オーストラリアのケアンズ近郊の山林を歩いていると、大量の種子の塊が林道上のあちこちで見つかりました。大きな種子がほとんどそのままの形で何個も含まれていて、なにか非常に大きな生き物の糞だろうという察しはつきました。

ヒクイドリの糞
ヒクイドリの糞塊と思われる種子の塊

大量の糞のわりには、鼻を近づけても果物の腐った臭いがほのかにするのみで、いわゆる糞の臭いはほとんどしませんでした。

森で出会ったヒクイドリ

くねくね曲がる林道を進んで、ふと前をみると、15mほど先に非常に大きな生き物が現れました。高さ170cmはあると思われる立派なヒクイドリでした。相手の大きさの割には、非常に静かな出会いでした。

ヒクイドリ
森に佇むヒクイドリ

向こうもこちらの存在に気づいたのか、何をするでもなくしばらくじっと立ってましたが、そのうち、こちらを気にすることもなく毛づくろいをはじめました。20分ほど経過した後、ゆっくりとこちらに向かって歩いて来たため、私たちはその場を後にしました。ヒクイドリは、林道からゆっくりと獣道に入り、静かに森の中に消えていきました。

その林道は、地元の人が釣りをしに川に向かうのに使う道で、私たちが通る10分ほど前にも釣り竿を持った子連れの家族が通って行きました。そのため、この周辺に生息するヒクイドリは、ヒトにはある程度慣れていると思われます。ヒクイドリは非常に悠々としており、威厳を感じました。

ヒクイドリに出会った環境

ヒクイドリに出会ったのは、オーストラリアのケアンズから内陸に車を1時間ほど走らせた森林内です。

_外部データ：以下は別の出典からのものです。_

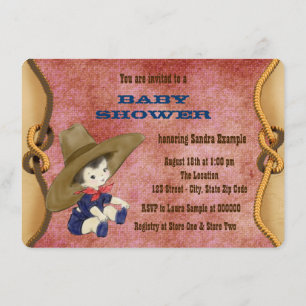 Invitación Ducha de bebé de vaquero pequeño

林内には舗装されていない細い林道があり、私たちはそこを歩いていました。

ヒクイドリと遭遇した林道
ヒクイドリと遭遇した林道

ヒクイドリは個体数を減らしつつある鳥ですが、どうやらヒトに対して警戒心はそれほど高くない個体もいるらしく、ビーチや湖周辺のヒトがよく来る場所にも頻繁に現れます。ヒクイドリは、体が大きい上に鋭い爪をもった足で蹴ることがあり、彼らがよく現れる場所には、「餌を与えないで・近寄らないで」と注意喚起する看板をいくつも見つけました。

先述の通り、私たちが出会ったのは川におりる林道上でした。ヒクイドリは水辺を好むため、このような近くに水辺がある場所によく現れるものと考えられます。また、人が歩くために作られた林道上にたくさんの糞があったことから、特に傾斜が強かったり下草の多い森林では、ヒクイドリにとっても歩きやすく、転がっている果実を見つけやすい視界が開けた林道をよく使うのかもしれません。